The rise and fall of politicisation in Chinese art

Until around 2005, the Chinese art world is struggling to stray from popularising politicised art. Yet the international art market still prefers artworks that contained political satire, which is why Chinese contemporary art raised excitement when it first entered the world stage.

During the 45th Venice Biennale in 1993, an exhibition entitled Passage to Orient attracted the attention of the world. The exhibition not only helped publicise Chinese contemporary to the world, but also decided the motifs for Chinese contemporary art – cynical realism and political pop.

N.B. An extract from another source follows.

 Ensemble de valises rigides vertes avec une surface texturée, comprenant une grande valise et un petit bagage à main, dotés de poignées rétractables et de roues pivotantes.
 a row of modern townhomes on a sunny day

▲Poster of Cardinal Points of Art at the 45th Venice Biennale in 1993 (Asia Art Achive)

Famous Chinese artist and curator Kong Chang'an once said in an interview: "We were not willing to introduce Chinese artists to the West under the name of Orientalism. Many Westerners see the Orient as a very conceptual thing. When they look at a painting that contains classic Oriental elements, they will agree that it is Chinese art.”

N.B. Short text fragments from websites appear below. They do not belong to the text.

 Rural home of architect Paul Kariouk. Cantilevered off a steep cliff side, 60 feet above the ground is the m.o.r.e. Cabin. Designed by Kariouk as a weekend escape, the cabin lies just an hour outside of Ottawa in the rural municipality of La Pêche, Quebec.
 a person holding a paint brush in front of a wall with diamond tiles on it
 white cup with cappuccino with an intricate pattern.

For many Westerners, political pop is a mockery of consumerism in China, while cynical realism is satire of the current society. Nevertheless, the international art market celebrates these works of art.

In Zeng Fanzhi's The Last Supper (2001), 13 students with masks replace the twelve disciples and Jesus. They all wear red scarves, a symbol of the young generation in China. However, sitting at the same seat as Judas in Da Vinci's The Last Supper (1498) is a boy with a golden tie, symbolising the betrayal of capitalism. This painting is now the most expensive Chinese contemporary painting by a living artist.


▲Zeng Fanzhi's The Last Supper (2001)

Though politicised art started to put Chinese artists on the map, more and more depoliticised artworks from Chinese contemporary artists are becoming popular. Cai Guoqiang's Drawing for Asian Pacific Economic Cooperation: Ode to Joy sold for nearly $10m. The turnover of Chou Chunya's painting of Chinese landscape scenery increased 200% in market value in 2018.

Even though Chinese contemporary art has a relatively short history and its art market has experienced dramatic ups and downs, it will continue to grow and impact the international art world. Of course, it's up to the newer generations to make that happen.

Artist List of 40x40 Art History Shaped by 40 Artists

罗中立 (Luo Zhongli)、尚扬 (Shang Yang)、陈丹青 (Chen Danqing)、何多苓 (He Duoling)、黄锐 (Huang Rui)、毛旭辉 (Mao Xuhui)、夏小万 (Xia Xiaowan)、傅中望 (Fu Zhongwang)、谷文达 (Gu Wenda)、黄永砯 (Huang Yongbing)、张培力 (Zhang Peili)、朱新建 (Zhu Xinjian)、刘小东 (Liu Xiaodong)、方力钧 (Fang Lijun)、岳敏君 (Yue Minjun)、刘炜 (Liu Wei)、王广义 (Wang Guangyi)、张晓刚 (Zhang Xiaogang)、马六明 (Ma Liuming)、丁乙 (Ding Yi)、洪磊 (Hong Lei)、隋建国 (Sui Jianguo)、展望 (Zhan Wang)、徐冰 (Xu Bing)、李山 (Li Shan)、余友涵 (Yu Youhan)、蔡国强 (Cai Guoqiang)、尹朝阳 (Yin Zhaoyang)、杨福东 (Yang Fudong)、李松松 (Li Songsong)、宋冬 (Song Dong)、邱志杰 (Qiu Zhijie)、尹秀珍 (Yin Xiuzhen)、汪建伟 (Wang Jianwei)、毛同强 (Mao Tongqiang)、姜杰 (Jiang Jie)、向京 (Xiang Jing)、毛焰 (Mao Yan)、叶永青 (Ye Yongqing)、曾梵志 (Zeng Fanzhi)、周春芽 (Zhou Chunya).